Instrument Segmentation in Surgical Imaging

Updated 18 March 2026

Instrument segmentation is the pixel-level delineation of surgical tools in medical images, critically supporting robotic procedures and augmented reality overlays.
Techniques leverage encoder-decoder networks, transformers, and promptable vision-language models to enhance accuracy and real-time performance.
Progress is bolstered by annotated benchmarks like EndoVis and metrics such as IoU and Dice, which validate robustness amid domain shifts and occlusions.

Instrument segmentation is the computational task of delineating and labeling surgical instruments at the pixel (or voxel) level within medical images or video sequences acquired during minimally invasive or robot-assisted procedures. Accurate instrument segmentation is fundamental for enabling context-aware robotic surgery, real-time augmented reality overlays, surgical workflow analysis, pose estimation, and intraoperative guidance systems. The field encompasses semantic, instance, and part-level segmentation—each with distinct labeling and application requirements—and has accelerated rapidly with the advent of annotated benchmarks, deep learning, and transformer architectures.
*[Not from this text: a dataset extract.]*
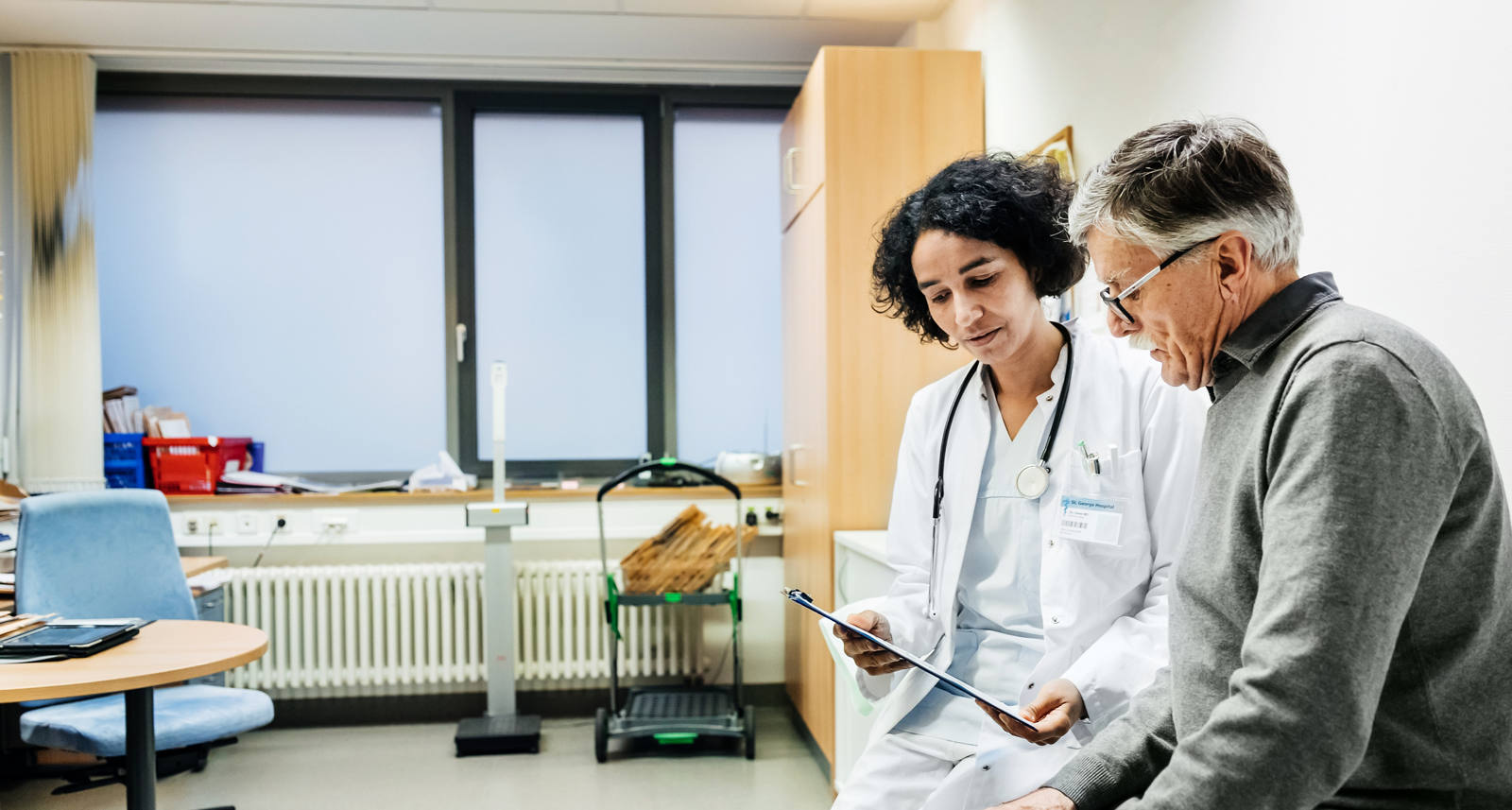 Patient und Ärztin im Gespräch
1. Problem Definition and Task Taxonomy

Instrument segmentation encompasses several established sub-tasks, each defined by the target semantic granularity:

Binary segmentation: Each pixel is classified as either instrument or background (anatomy, surgical debris, etc.) (Allan et al., 2019).
Parts segmentation: Within instrument-occupied pixels, further assign component labels (e.g., shaft, wrist, jaws/clasper) (Allan et al., 2019).
Type/class segmentation: Instrument pixels are labeled according to specific device classes (such as monopolar scissors, bipolar forceps, needle driver, etc.) (Allan et al., 2019).
Instance segmentation: Each physically distinct instrument, even among the same class, is assigned a unique mask (Ross et al., 2020, González et al., 2020).
Referring segmentation and prompt-based segmentation: Pixels are masked based on natural language or class prompts, enabling interactive or open-vocabulary tool identification (Zhou et al., 2023, Yue et al., 2023, Yue et al., 2023, Wang et al., 2023).

The primary input modalities are monocular or stereo RGB endoscopic frames; 3D modalities (ultrasound, CT) are active research areas (Yang et al., 2021). Common output representations are binary or multi-class raster masks, often at full video resolution.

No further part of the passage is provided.